Richemont reported that Net-a-Porter's sales increased 108%, to about $400 million, in the fiscal year ending in March. It's been profitable since 2003, three years after its launch amid the dotcom crash. Moreover, the number of visitors rose 32% last year, reaching 3 million a month, while the site added 11,000 paying customers a month. Key to its success is the premium it places on service — it offers, for example, same-day deliveries in London and Manhattan. Superior service always appeals to well-heeled shoppers. "But during a recession, it matters more than ever," Massenet says.

Net-a-Porter's nonstop growth has helped spark a big push for online sales by the world's luxury brands — a move many of them long resisted. The presumption was that buyers of pricey goods demanded person-to-person selling. "Net-a-Porter made them sit up and take notice," says Guy Salter, deputy chairman of Walpole, a trade group for posh British goods and services. Sales of luxury goods fell sharply during the downturn, but brands that were selling on the Web saw digital sales hold up — perhaps in part because customers could buy luxury goods sheltered from public view.

Given that performance, nearly all luxury companies, including Burberry and Hermès, have recently gone digital or boosted their webtailing efforts. Then there's Fabergé. It was relaunched in September 2009, mainly as an online site.

The rush to the Web coincides with a postdownturn rebound for luxury-goods sales. Banking group HSBC estimates that the appetite for high-end products will grow 11% this year. But that's mainly thanks to increasing demand in Asia, not Web sales. Online sales, though growing, remain a relatively small piece of the pie for most brands. But Milton Pedraza, CEO of New York City's Luxury Institute, predicts that digital sales will account for 15% to 20% of revenue for most brands within a few years. And buyers are also showing a willingness to make big purchases online. Tiffany & Co., for instance, has sold diamond pieces worth $250,000 on its site.

Why did so many luxury-goods companies spend years eschewing the Web? "They thought it would cheapen the product because they couldn't replicate the in-store experience online," Pedraza explains. But for wealthy customers, clickable convenience combined with great service is an enticing mix. "Luxury brands now understand that their customers want what they want, when they want it," he says. Adds Massenet: "It's a false assumption that people with a lot of money have a lot of free time to shop."

Luxury brands also associated e-commerce with discounting, which they loathe. But Net-a-Porter sells only full-priced merchandise, proving that needn't be the case (though it also operates the Outnet, a separate outlet site).
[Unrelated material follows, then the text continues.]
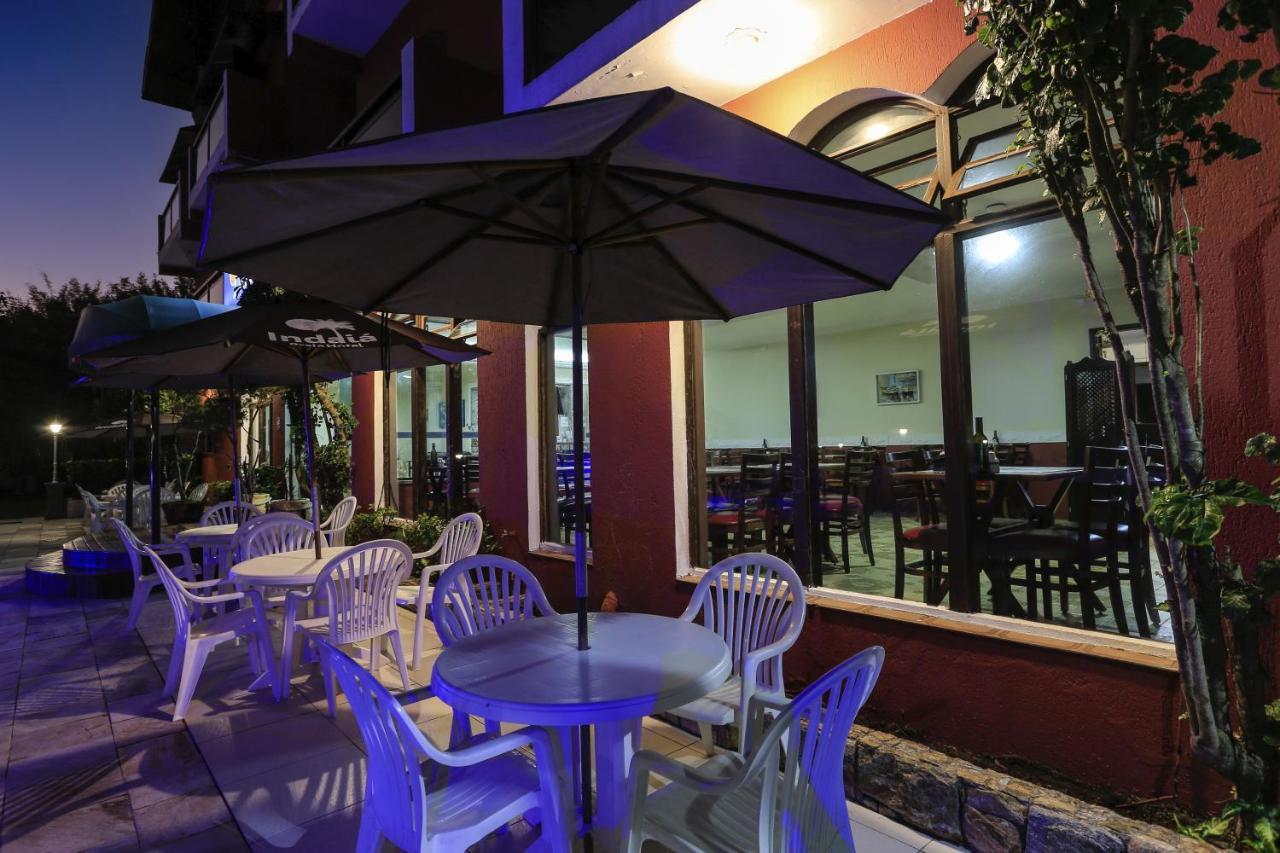 Indaia Praia Hotel Бертиога Екстериор снимка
Just because discounters and top brands share Internet space "doesn't mean they're homogeneous," Massenet says, pointing out that Neiman Marcus happily coexists with the likes of Target and JCPenney.

That an increasing number of luxury brands are heading online doesn't mean greater competition, she insists. While Net-a-Porter sells goods from about 350 designers, it offers only a limited selection from each. The more that top brands embrace e-commerce, she says, the more it builds demand. "It's a case of driving more customers online."

To be sure, some of swankdom's most famous names remain on the sidelines. You can't, for instance, buy Chanel clothes or accessories online, and the same goes for Rolex and Vacheron Constantin watches and Montblanc pens. But Massenet believes the digital divide among luxury brands will soon disappear. "It's inevitable," she says. "They will all be online because their customers are asking for it." And as someone who does most of her shopping on the Web, Massenet says she hopes Chanel will take the plunge soon.